To capture the impact of ambient variation, simulations were conducted by initializing the temperatures of the battery, PCM, insulator, and fins to match the respective ambient conditions. Figure 15(a) shows the time evolution of the battery average temperature and the liquid fraction. Moreover, Figure 15(b) shows the melting time histories of the PCM under these conditions. It is observed that lower ambient temperatures significantly prolong the time required for the system to reach the PCM melting point.
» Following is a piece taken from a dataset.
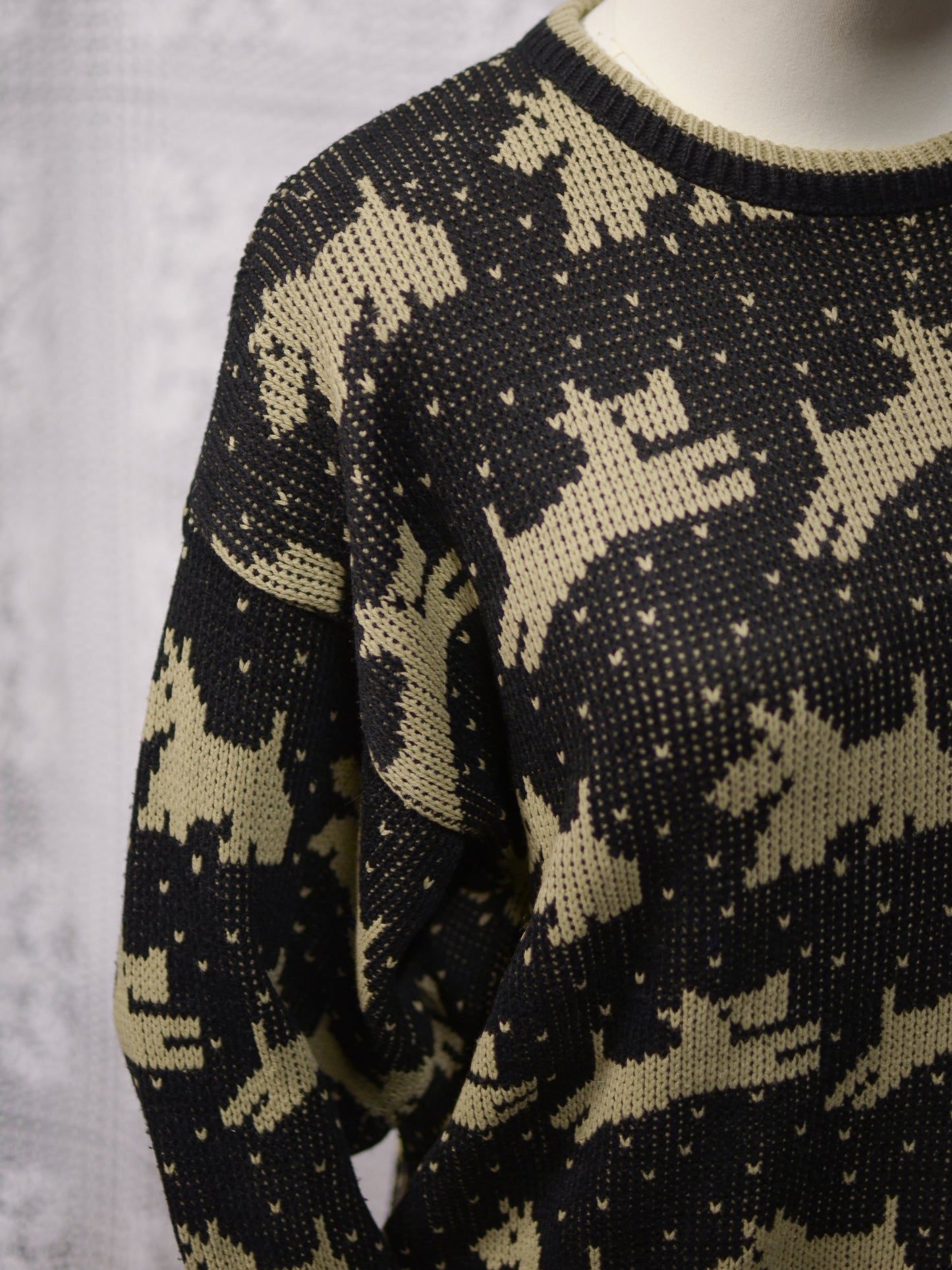 1980s black and brown scottie dog pattern novelty jumper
This may be attributed to the larger thermal gradient between the initial condition and the PCM phase change threshold. For instance, when the ambient temperature is set to 15℃, the BTMS experiences an extended pre-melting phase, as the thermal energy must first bridge a wider temperature gap before initiating phase transition. Quantitatively, the duration of the pre-melting phase decreases sharply with increasing ambient temperature, reduced by approximately 45.46%, 63.64%, and 81.82% when the ambient temperature increases from 15℃ to 25℃, 30℃, and 35℃, respectively. This trend underscores the importance of initial system temperature alignment with ambient conditions, which strongly influences the onset of melting. In the melting phase, a similar but less pronounced trend is noted. The melting duration decreases by 12.50%, 19.44%, and 25% for ambient conditions of 25℃, 30℃, and 35℃, respectively, compared to the 15℃ baseline. This reduced phase change time can be attributed to the fact that, at lower ambient temperatures, residual solid PCM remains near the housing walls, which retards complete melting due to uneven heat propagation. The impact of ambient temperature becomes even more apparent during the post-melting or thermal control period. Here, the BTMS demonstrates a reduction in operation time by 22.86%, 33.33%, and 42.43% as ambient temperature increases to 25℃, 30℃, and 35℃, respectively. Despite these variations, one key observation is that in all scenarios the BTMS successfully maintains the battery temperature below the critical safety threshold of 45℃ throughout the entire phase change process, as evidenced in Figure 15(a). This consistent thermal control, even under elevated external temperatures, affirms the robustness and adaptability of the NePCM-fin configuration for diverse climatic conditions.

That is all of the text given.